Azubis der Region feilen am Umgang mit Medien

Lesedauer: 6 Minuten
Die Auszubildenden unseres Medienhauses Fynn Stemper, Mariam Faal und Jana Klimesch haben fleißig die Zeitung gelesen und am monatlichen Quiz von „Zukunft Bilden“ teilgenommen.

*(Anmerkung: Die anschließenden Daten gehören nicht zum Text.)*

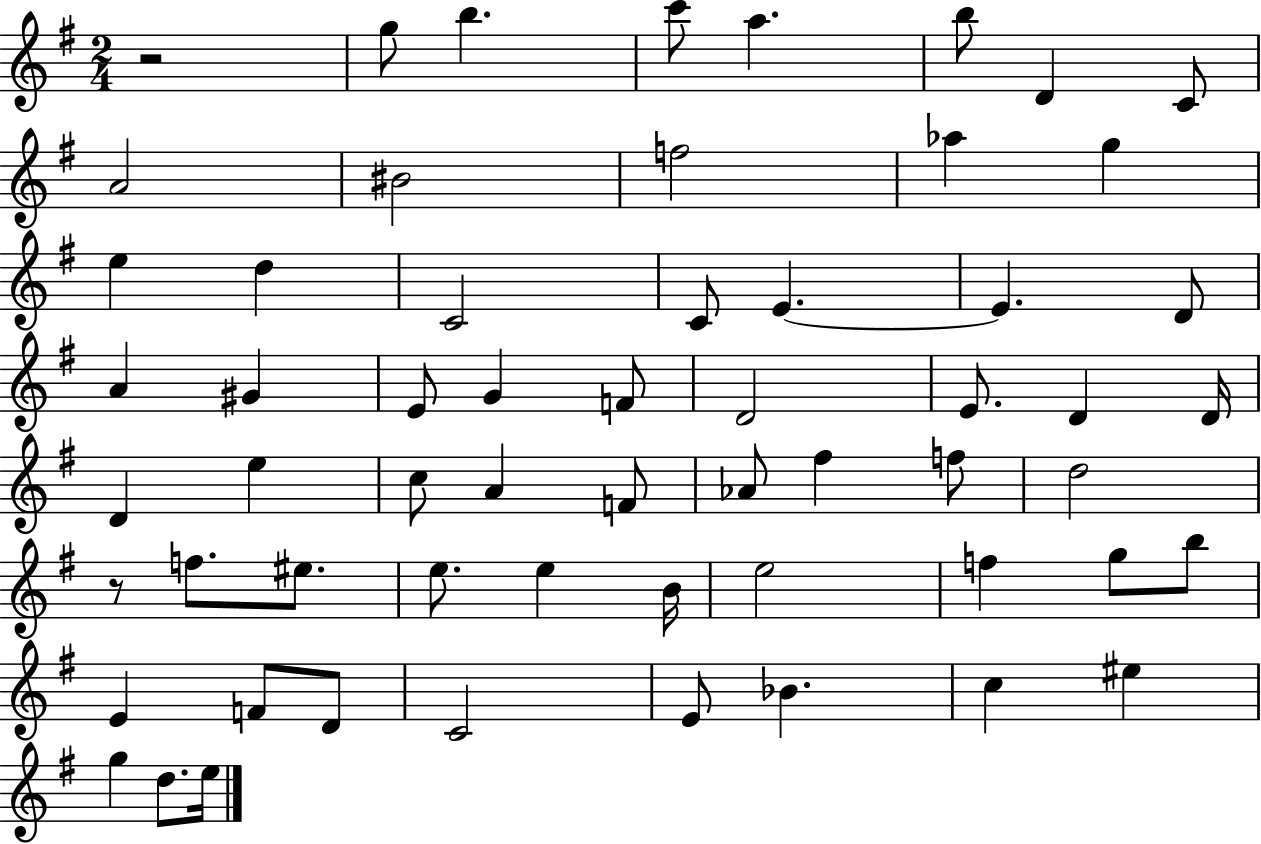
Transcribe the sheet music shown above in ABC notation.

X:1
T:Untitled
M:2/4
L:1/4
K:G
z2 g/2 b c'/2 a b/2 D C/2 A2 ^B2 f2 _a g e d C2 C/2 E E D/2 A ^G E/2 G F/2 D2 E/2 D D/4 D e c/2 A F/2 _A/2 ^f f/2 d2 z/2 f/2 ^e/2 e/2 e B/4 e2 f g/2 b/2 E F/2 D/2 C2 E/2 _B c ^e g d/2 e/4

Die Auszubildenden unseres Medienhauses Fynn Stemper, Mariam Faal und Jana Klimesch haben fleißig die Zeitung gelesen und am monatlichen Quiz von „Zukunft Bilden“ teilgenommen.

Foto: Bernward Comes / Braunschweiger Zeitung

Braunschweig.  103 Auszubildende aus 12 Unternehmen erhalten bei der „Zukunft Bilden“-Abschlussveranstaltung symbolisch ihre Medienzertifikate.

Das Einmaleins der Instagramnutzung. Ein Rhetorikseminar. Oder auch ein Arbeitstag im Garten statt im Büro. Die Liste ist lang. Es gab in den vergangenen elf Monaten allerhand Angebote für die Teilnehmer des Projektes „Zukunft Bilden“ unserer Zeitung: 103 Auszubildende aus 12 Unternehmen der Region nahmen insgesamt teil – und trainierten so auf vielfältige Weise ihre Medienkompetenz.

Dabei musste auch unsere Zeitung neue Wege gehen: „Fast alles hat digital stattgefunden, so nun auch die Abschlussveranstaltung“, erklärt die Projektredakteurin und Leiterin des Projekts „Zukunft Bilden“, Ida Wittenberg.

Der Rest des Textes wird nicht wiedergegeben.